Step 1: Write the Augmented Matrix
Suppose we want to solve the following system of linear equations:
x + y + 2z = 9
2x + 4y - 3z = 1
3x + 6y - 5z = 0
First, we extract the coefficients of the variables (x, y, z) and the constants from the right-hand side. We write them in a single grid, separated by a vertical bar. This is our augmented matrix:
| 1 | 1 | 2 | 9 | |
| 2 | 4 | -3 | 1 | |
| 3 | 6 | -5 | 0 |
Step 2: Reduce to RREF
Next, we perform Gauss-Jordan row operations to convert the coefficient side (the left 3x3 block) into the Identity matrix. The calculations go as follows:
- Subtract 2 × Row 1 from Row 2, and subtract 3 × Row 1 from Row 3 to clear the first column.
- Scale the new Row 2 to make its leading entry 1 (if not already 1).
- Use Row 2 to eliminate entries in Column 2 (above and below the pivot).
- Scale the new Row 3 to make its leading entry 1.
- Use Row 3 to eliminate entries in Column 3 (above and below the pivot).

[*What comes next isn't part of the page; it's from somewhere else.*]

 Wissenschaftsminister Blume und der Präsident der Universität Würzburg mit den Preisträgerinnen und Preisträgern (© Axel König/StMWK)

After performing these steps, the augmented matrix reduces to:
| 1 | 0 | 0 | 1 | |
| 0 | 1 | 0 | 2 | |
| 0 | 0 | 1 | 3 |
Step 3: Interpret the RREF Output
Once your matrix is in RREF, you must classify the solution. There are three possible outcomes:
1. Unique Solution
If the coefficient side reduces to the Identity matrix (as in our example above), the system has a single, unique solution. We read the answers directly from the constant column:
x = 1
y = 2
z = 3
2. Infinitely Many Solutions
If a column does not contain a pivot, its variable is a free variable. For example, if RREF yields:
| 1 | 0 | 2 | 5 | |
| 0 | 1 | -1 | 4 | |
| 0 | 0 | 0 | 0 |
Here, the third column (z) has no pivot, so z is free. The equations represent: x + 2z = 5 and y - z = 4. We write the solution set in parametric form by setting z = t (where t is any real number):
x = 5 - 2t
y = 4 + t
z = t
3. No Solution (Inconsistent System)
If row reduction creates a row where the left side is all zeros, but the right side is non-zero, the system is inconsistent. For example:
| 1 | 0 | 3 | 2 | |
| 0 | 1 | 2 | 1 | |
| 0 | 0 | 0 | 7 |
The last row represents the equation 0x + 0y + 0z = 7, which simplifies to the impossible statement 0 = 7. Therefore, this system has no solution.